I have data with class imbalance (the response variable has two classes, one of the classes is significantly more common than the other). Accuracy does not seem to be a good metric to train a model in this situation (I can get 99% accuracy and completely misclassify the minority class). I think that using the F1 score would be more beneficial.
Has anyone ever tried using the F1 score as a training metric in R? I tried modifying the iris data set to make species as a binary variable and run random forest.
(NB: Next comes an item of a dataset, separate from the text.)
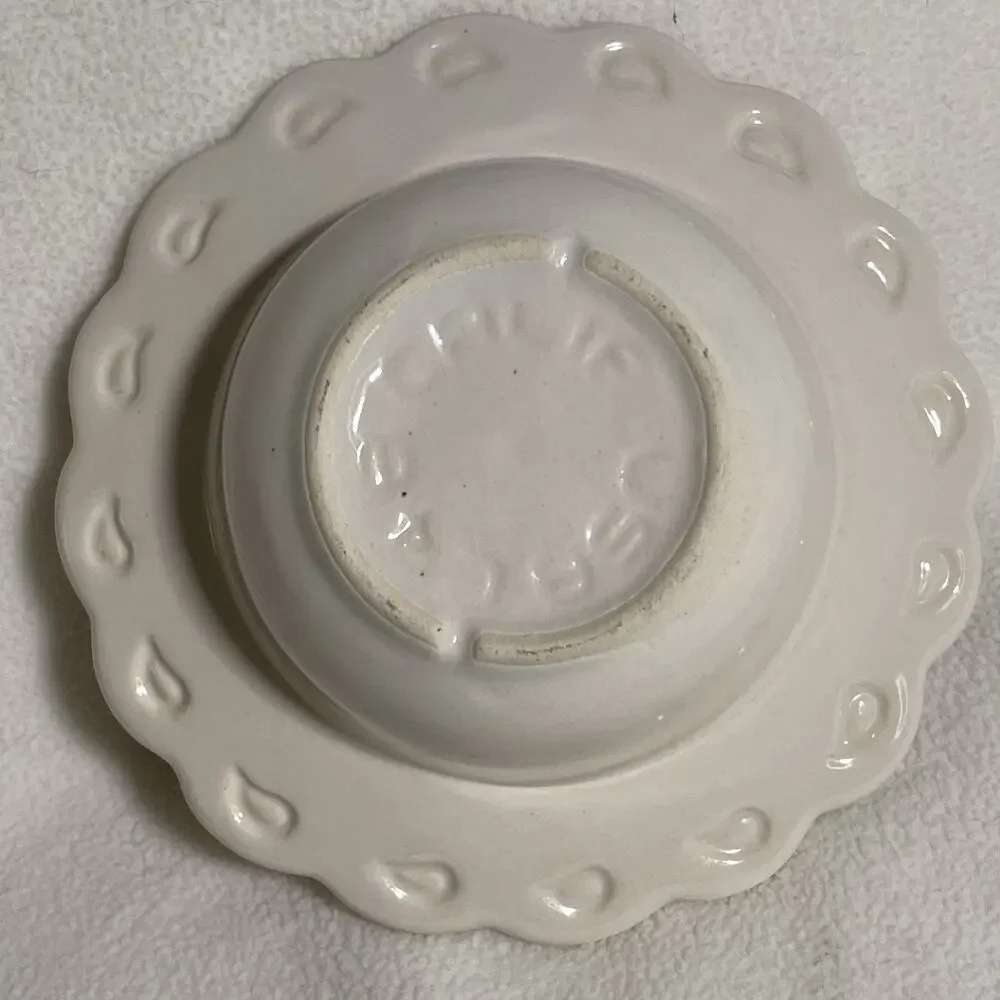 Vintage Calif USA Scalloped Rimmed Pottery Bowl With Raindrop Pattern on Rim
Could someone please help me debug this?
library(caret)
library(randomForest)
data(iris)
iris$Species = ifelse(iris$Species == "setosa", "a", "b")
iris$Species = as.factor(iris$Species)
f1 <- function (data, lev = NULL, model = NULL) {
precision <- posPredValue(data$pred, data$obs, positive = "pass")
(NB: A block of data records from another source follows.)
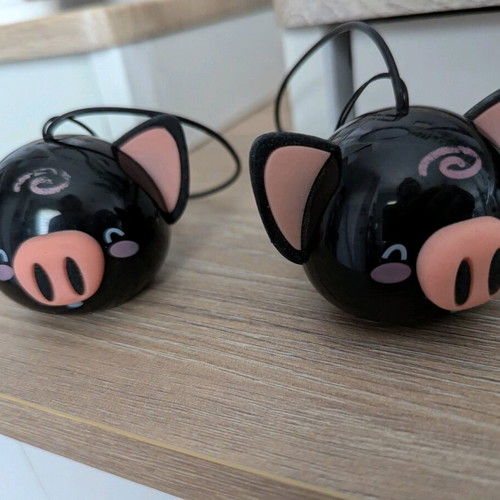 Bluetooth wireless speakers like new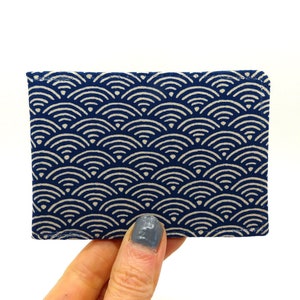Oyster-kaarthouder, buspashouder, reiskaarthouder, kaartportemonnee. Japanse portemonnee met golfprint. Oystercard-portemonnee, creditcardhouder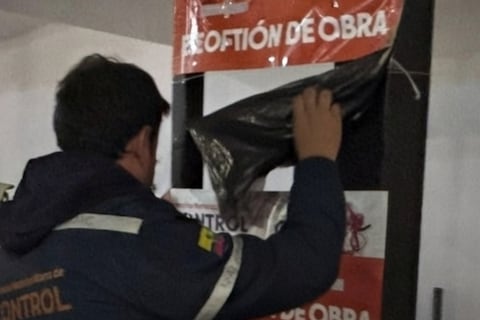 Agencia de Control Metropolitano de Quito coloca sello de clausura a local luego de cuatro suspensiones de obra previas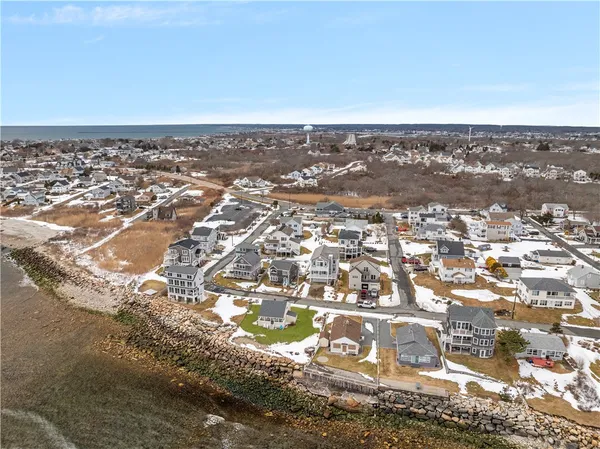 $2,500 | 28 Glenwood Avenue, Narragansett, RI 02882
recall <- sensitivity(data$pred, data$obs, postive = "pass")
f1_val <- (2 * precision * recall) / (precision + recall)
names(f1_val) <- c("F1")
f1_val }
train.control <- trainControl(method = "repeatedcv",
number = 10,
repeats = 3,
classProbs = TRUE,
#sampling = "smote",
summaryFunction = f1,
search = "grid")
tune.grid <- expand.grid(.mtry = seq(from = 1, to = 10, by = 1))
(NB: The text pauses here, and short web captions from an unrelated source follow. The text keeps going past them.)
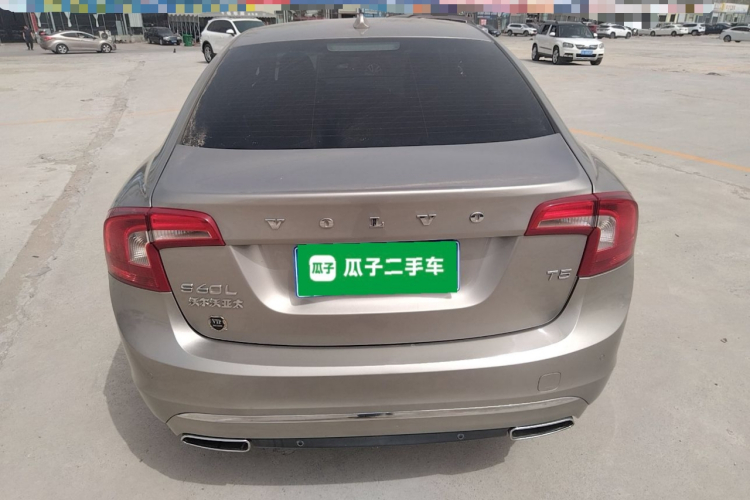 沃尔沃S60 2016款 S60L T5 智驭版车身外观6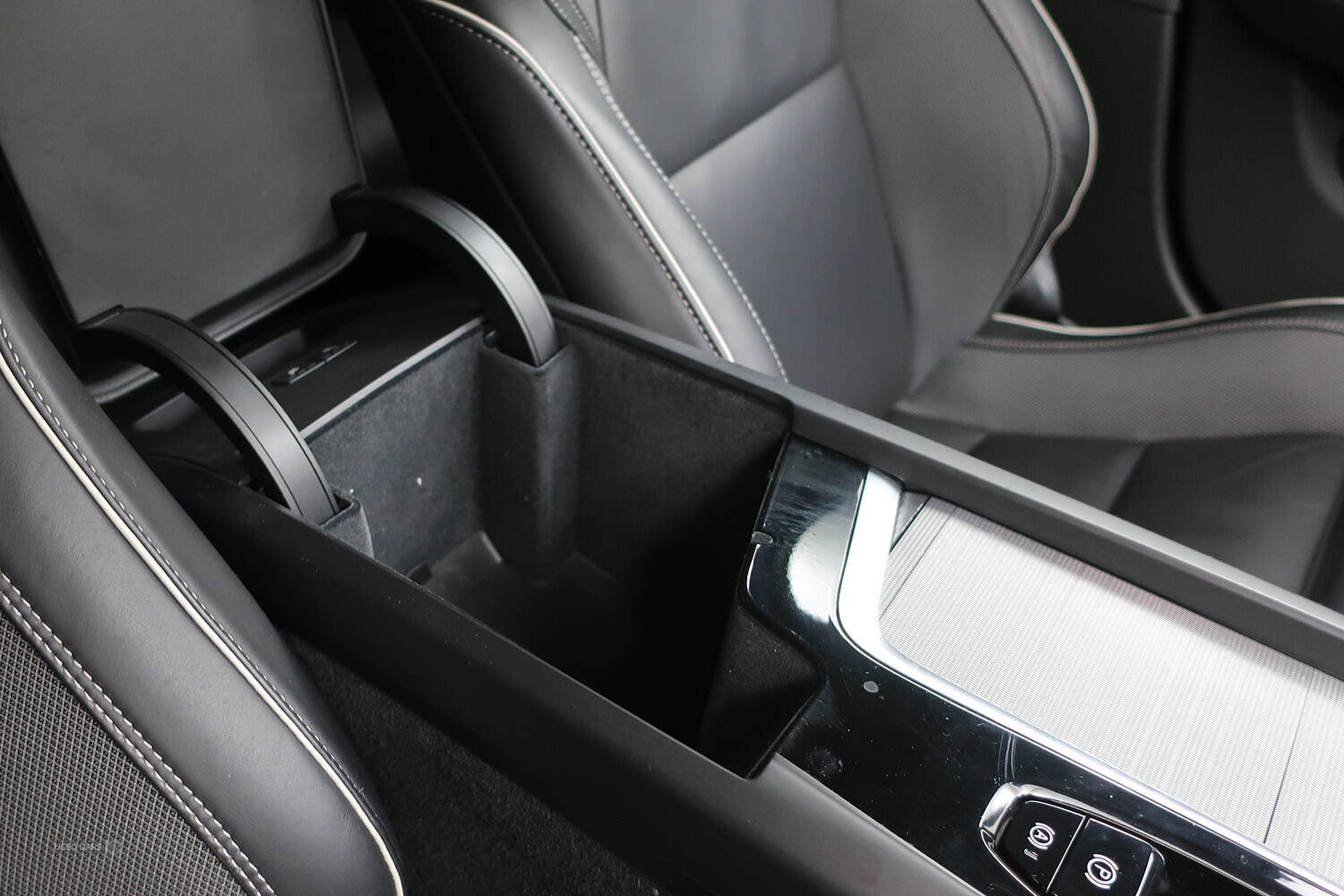 Mar 2022 Volvo V60 2.0 B3P R DESIGN 5dr Auto [7 speed]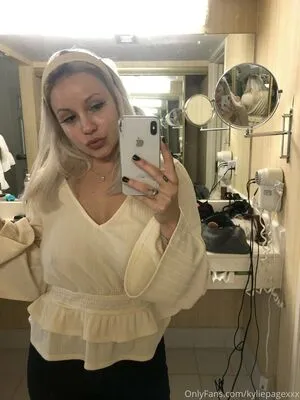 Therealkyliepage OnlyFans Leaked Free Thumbnail Picture - #eCjeH99vGM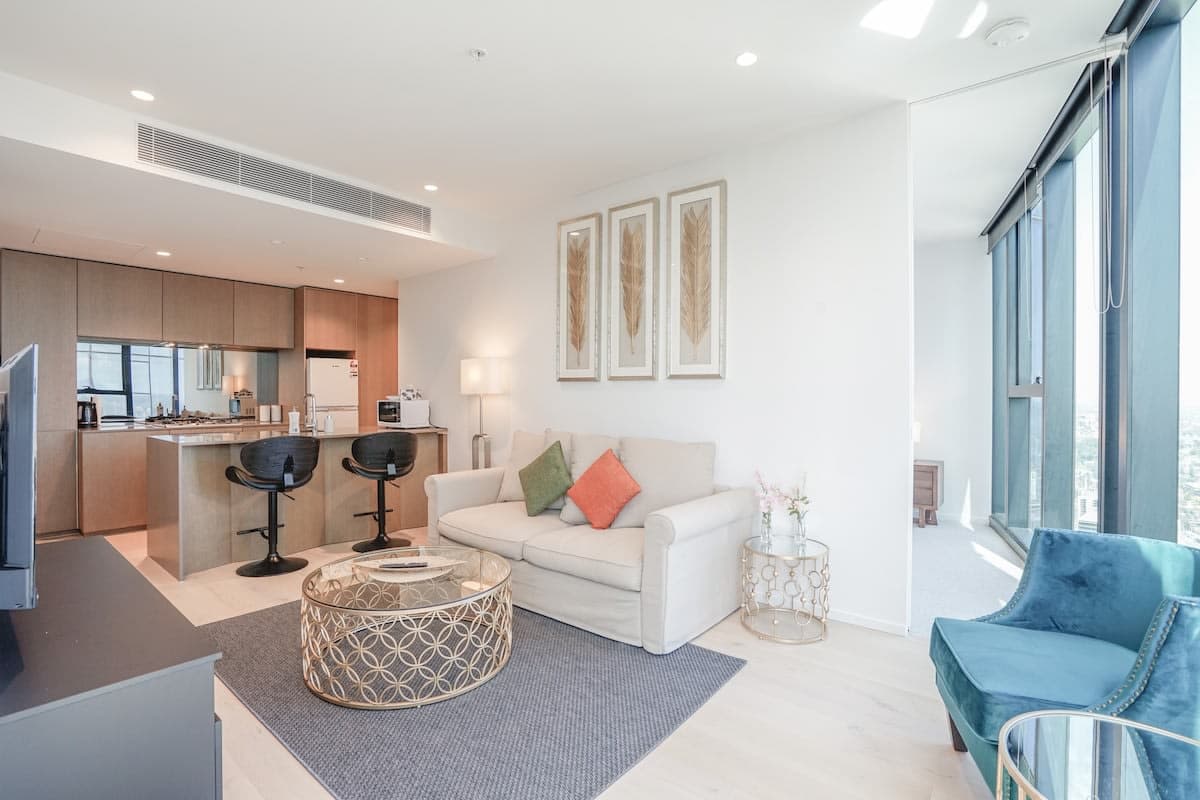 Furnished 2 Bedroom Apartment in Southbank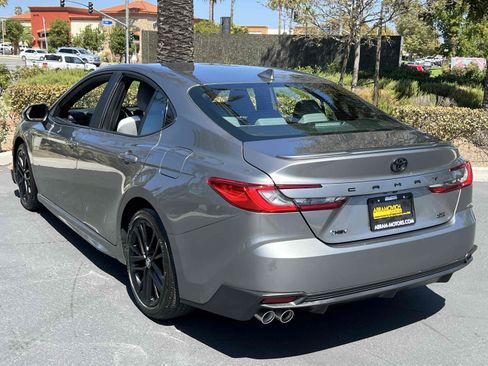 Used 2025 Toyota Camry SE w/ Convenience Package FWD image 2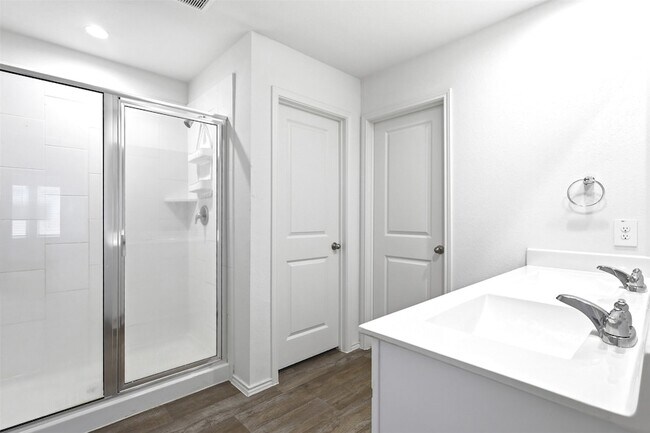 Building Photo - 4214 Berwick Park Ln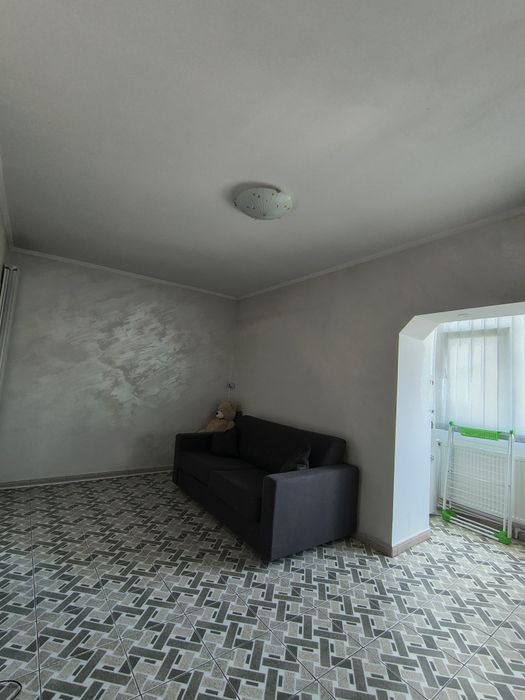 Închiriez garsonieră utilată strada Mioriței - zona Călărași - Catedrală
random.forest.orig <- train(Species ~ ., data = iris,
method = "rf",
tuneGrid = tune.grid,
metric = "F1",
trControl = train.control)
Gives the following error:
Something is wrong; all the F1 metric values are missing:
F1
Min. : NA
1st Qu.: NA
Median : NA
Mean :NaN
3rd Qu.: NA
Max. : NA
NA's :10
Error: Stopping
In addition: There were 50 or more warnings (use warnings() to see the first 50)
5: stop("Stopping", call. = FALSE)
4: train.default(x, y, weights = w, ...)
3: train(x, y, weights = w, ...)
2: train.formula(Species ~ ., data = iris, method = "rf", tuneGrid = tune.grid,
metric = "F1", trControl = train.control)
1: train(Species ~ ., data = iris, method = "rf", tuneGrid = tune.grid,
metric = "F1", trControl = train.control)
> warnings()
Warning messages:
1: In randomForest.default(x, y, mtry = param$mtry, ...) :
invalid mtry: reset to within valid range